For the 2010 report, Outsell said it surveyed more than 1,000 U.S. advertisers in December 2009.

12/31/2009

Playboy Passes Core Business Duties to AMI


Playboy is delegating advertising, sales, marketing, circulation and production to get lean and mean and return to profitability by 2011!

The venerable mens magazine is also being assaulted by the current economic times as well as technological multi-media advances (what ever happened to Mariyln Monroe ?)

Jason Fell of Folio Magazine reported the inside info on this Playboy re-structuring with some interesting, insightful figures:

During a recent earnings call, Playboy Enterprises CEO Scott Flanders said he was working on a joint venture to develop a new business model that would help Playboy magazine profitable again. Some details of that venture have come to light.

Playboy said it has agreed to farm out the magazine’s advertising sales, circulation, marketing, production and all other business operations to American Media Inc. Playboy will continue to oversee the magazine’s editorial operations.

AMI’s Distribution Services, Inc. will handle Playboy’s newsstand marketing and distribution services.

Roughly 25 jobs will be affected as a result, although some of those could be transferred to AMI. “AMI will be interviewing all of our employees in the areas being outsourced, and it’s not clear how many of them will be asked to join their company,” a Playboy spokesperson told FOLIO:. “We will also keep a few employees.”

Playboy will incur a $2 million restructuring charge in the fourth quarter related to the deal.

Financial terms were not disclosed.

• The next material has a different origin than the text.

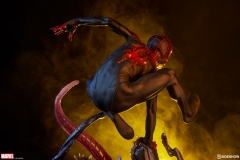 marvel-spider-man-miles-morales-premium-format-figure-sideshow-300554-29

As part of the agreement, Playboy said AMI will be paid “negotiated fees” and will be incented to increase both advertising and circulation revenues. The publishers expect to complete the transition by March 2010. UPDATE: Under terms of the contract, AMI said it will be paid “potential fees” in the range of $5 million for advertising, circulation, production and related services. This, the company said, would result in profitability of approximately $2 million.

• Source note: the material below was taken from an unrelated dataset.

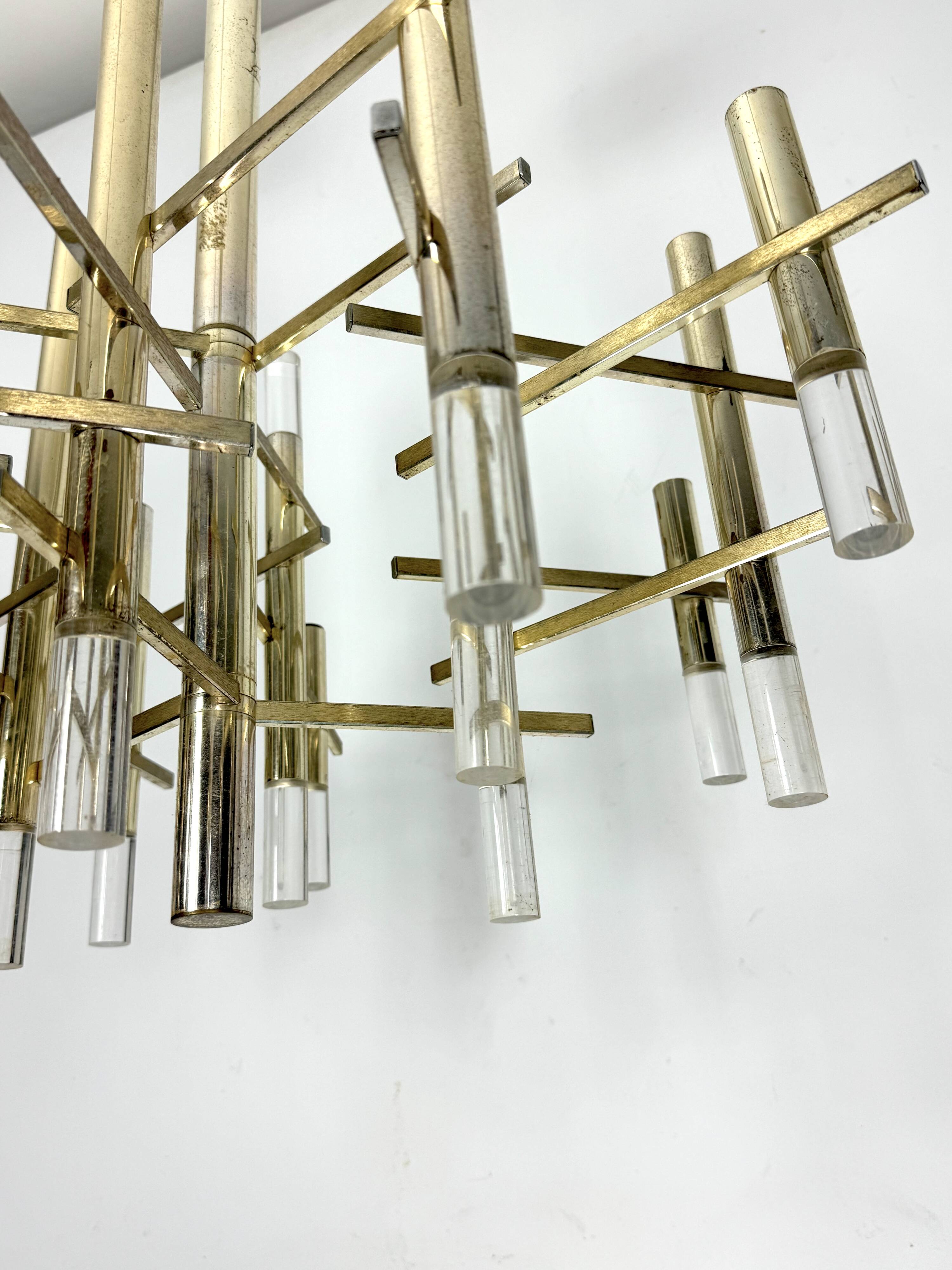 Sciolari 15 lights slight gilded chrome and perspex Chandelier model Ice, Italy 60s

When asked about AMI’s strategy behind boosting Playboy’s ad and newsstand sales, and its plans for managing the magazine’s recently reduced rate base and frequency, AMI CEO David Pecker had no comment.

According to Flanders, AMI will be able to manage the magazine operations “more effectively than we can as a standalone publisher. By joining forces with American Media, we will be able to significantly reduce our cost structure and leverage the economies of scale related to manufacturing, distribution and marketing that are available to this large, multi-title publisher.”

Flanders said Playboy magazine is expected to lose $8 million this year. This deal, he projected, will allow the magazine reduce the loss to approximately $5 million in 2010 and to reach profitability again by late 2011.

During the earnings call, Playboy Enterprises reported a $23.5 million net loss through the third quarter, down from a $13.6 million net loss in 2008. The company’s print/digital group reported a $900,000 loss through the first nine months compared to a $3 million loss during the same period last year. Flanders said he expects the magazine to report a 38 percent decline in ad pages during the fourth quarter this year.

AMI publishes several titles already targeting man aged 18 to 34 years, including Men’s Fitness, Muscle & Fitness and Flex. AMI also publishes Shape, Star, Natural Health and the National Enquirer.

It was not immediately clear how the agreement with AMI might affect a potential sale of Playboy Enterprises. The company has been said to be entertaining a number of offers, including one from London-based brand management firm Iconix Group. The Playboy spokesperson declined to comment on a potential sale.